Dec 5, 2013
The Supreme Court’s Radical New Precedent
Posted on Mar 29, 2013
By David Sirota
Out of all the newsworthy comments during this week’s Supreme Court debate over the legality of same-sex marriage bans, none was more revealing—or troubling—than that which came from Justice Sonya Sotomayor.
Before pointing out that “we let issues perk, and so we let racial segregation perk for 50 years from 1898 to 1954,” she asked: “If the issue is letting the states experiment (with same-sex marriage bans) and letting the society have more time to figure out its direction, why is taking a case now the answer?” The question embodied much of sentiment of other justices, leading the New York Times to summarize the hearing with the headline: “Justices Say Time May Be Wrong for Gay Marriage Case.”
Three theories are at work in this line of reasoning: 1) The judiciary has an obligation to make sure its rulings reflect public opinion 2) judges should always avoid rulings that conflict with public opinion and 3) the Supreme Court should not immediately strike down laws violating the Constitution’s equal protection precepts because state fights over those statutes allegedly help the public reach consensus on those underlying issues.
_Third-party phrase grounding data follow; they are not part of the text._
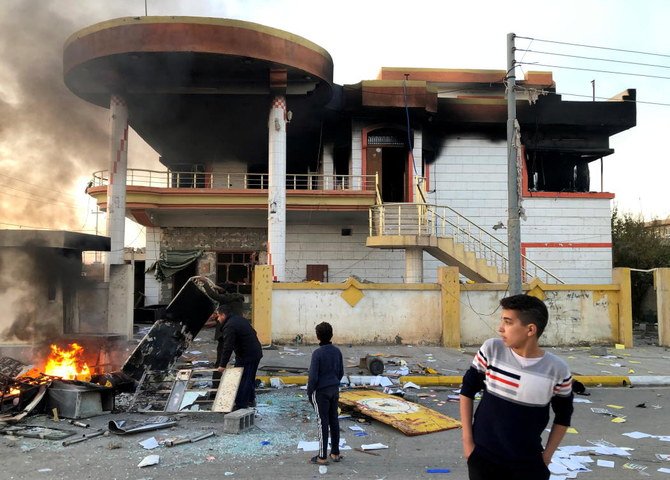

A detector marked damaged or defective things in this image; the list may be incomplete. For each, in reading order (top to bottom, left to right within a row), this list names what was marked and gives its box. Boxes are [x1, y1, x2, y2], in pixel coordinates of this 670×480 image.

damaged doorway [368, 128, 410, 202]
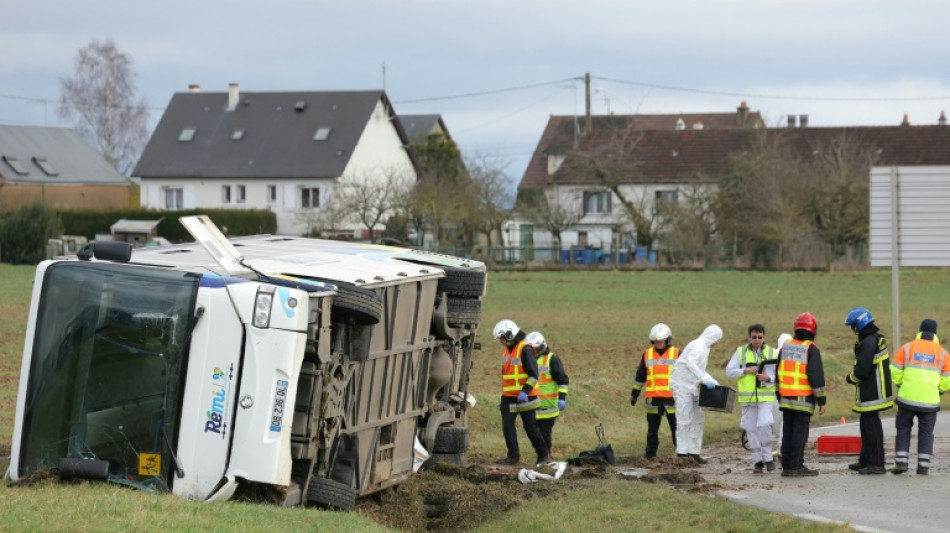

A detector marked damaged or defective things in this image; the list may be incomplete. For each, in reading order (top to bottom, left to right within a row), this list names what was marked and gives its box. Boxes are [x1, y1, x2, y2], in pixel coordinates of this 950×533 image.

overturned bus [7, 215, 484, 508]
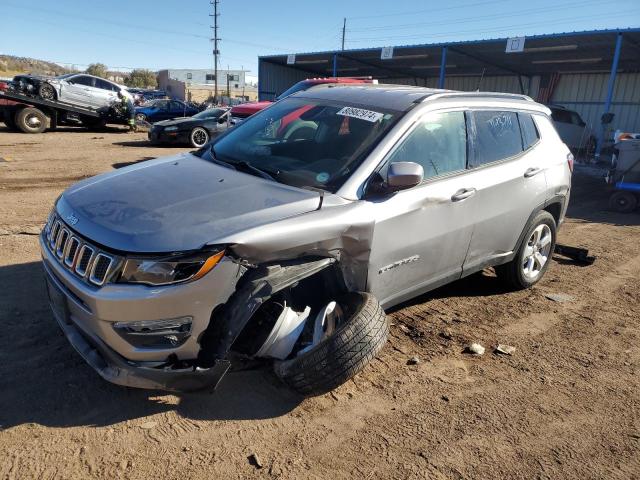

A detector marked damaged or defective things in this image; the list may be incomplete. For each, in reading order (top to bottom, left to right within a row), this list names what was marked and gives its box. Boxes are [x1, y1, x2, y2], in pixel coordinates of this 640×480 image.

damaged front bumper [44, 262, 230, 394]
detached front wheel [274, 290, 388, 396]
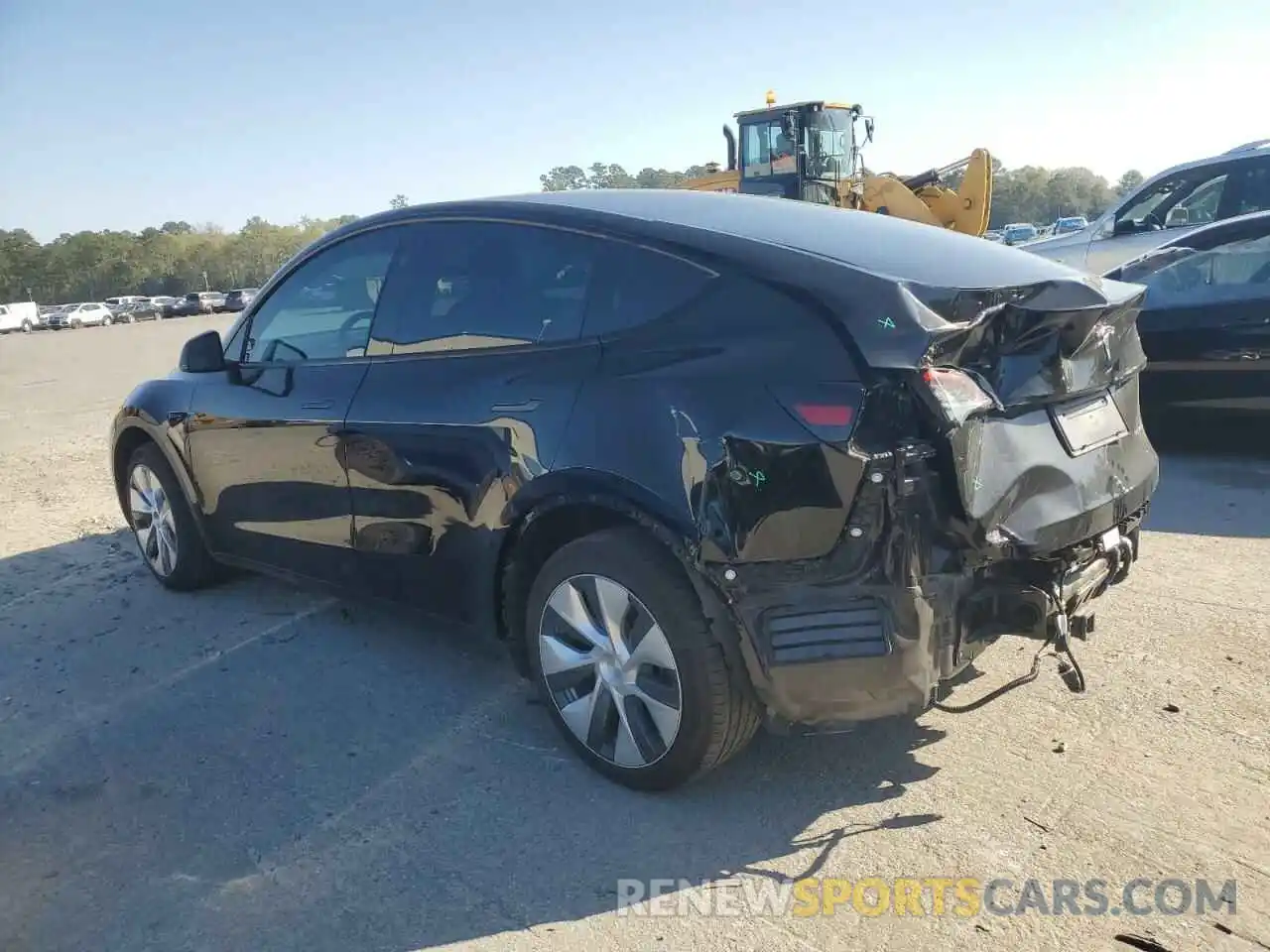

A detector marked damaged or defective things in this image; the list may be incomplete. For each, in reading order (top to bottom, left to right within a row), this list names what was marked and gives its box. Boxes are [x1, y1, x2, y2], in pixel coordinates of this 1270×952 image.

damaged rear end of car [705, 238, 1163, 731]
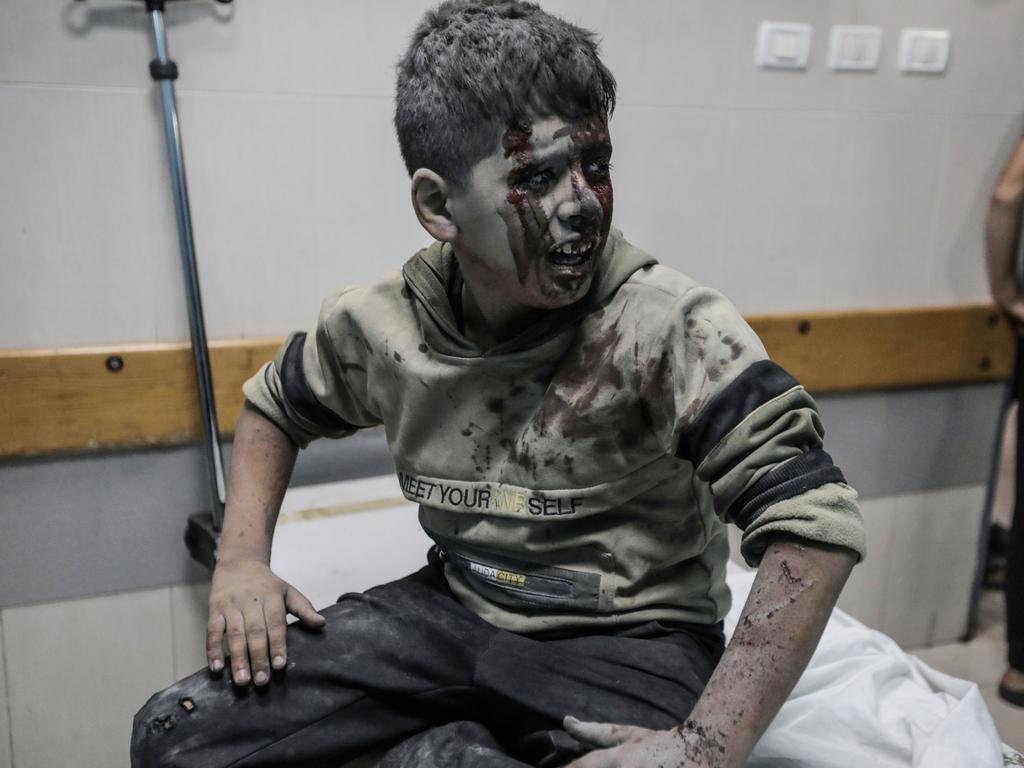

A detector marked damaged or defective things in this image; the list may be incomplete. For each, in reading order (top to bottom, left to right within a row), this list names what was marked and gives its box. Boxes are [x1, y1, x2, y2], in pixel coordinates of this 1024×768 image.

Though Sotomayor’s logic appears reasonable at first glance, it isn’t. First and foremost, it is wrong for anybody to refer to a half-century of uninterrupted segregation as anything but awful, regardless of whether the struggle against such bigotry ultimately moved public opinion in the right direction. Additionally, the deeper jurisprudential principle being forwarded is distasteful. It radically reimagines the American judiciary as a mere validator of majority public opinion.
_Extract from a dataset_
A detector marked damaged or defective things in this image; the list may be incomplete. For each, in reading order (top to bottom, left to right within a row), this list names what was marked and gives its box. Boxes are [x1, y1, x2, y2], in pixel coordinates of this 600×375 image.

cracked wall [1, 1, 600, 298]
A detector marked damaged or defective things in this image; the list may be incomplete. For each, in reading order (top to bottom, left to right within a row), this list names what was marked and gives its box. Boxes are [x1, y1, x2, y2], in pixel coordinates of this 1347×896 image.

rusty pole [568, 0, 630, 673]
That, of course, is not what the judiciary is supposed to be. Elected legislators are charged with representing the public will in matters of legislation. But in the words of Alexander Hamilton, judges are appointed—and not elected—to a separate branch of government in order to ensure that their rulings do not represent the fleeting whims of public opinion and instead represent nothing “but the Constitution and the laws.”
In adjudicating such cases, judges are supposed to prevent a tyranny of the majority from trampling the constitutional rights of minorities. As they did in the Loving vs. Virginia case overturning bans on interracial marriage, justices are supposed to uphold the Constitution even if public opinion doesn’t support them doing so. That can only happen if judges are ruling exclusively on the constitutionality of discrimination - and not on whether such discrimination happens to be supported by the majority of citizens.
Sotomayor and her fellow justices seem to be saying the opposite—they seem to be making the radical claim that the public might not be ready for a sweeping ruling on same-sex marriage bans. That is a radical notion because those judges are insinuating that constitutional questions about equal protection should be less important than subjective questions about the current public mood.
But that’s the thing—while politics and the public shift, the right to equal protection under the law is supposed to be immutable. That right is either being protected or being violated. Indeed, the whole genius of the Founders’ creation of an independent judiciary is the recognition of that fundamental truth—and the corollary recognition that there is never a “right time” or a “wrong time” to uphold the Constitution.
Should this Supreme Court declare otherwise by refusing to strike down same sex marriage bans, it will set a dangerous precedent that constitutionality is now a matter of how the court perceives popular opinion rather than whether America is respecting all of its citizens’ inalienable rights.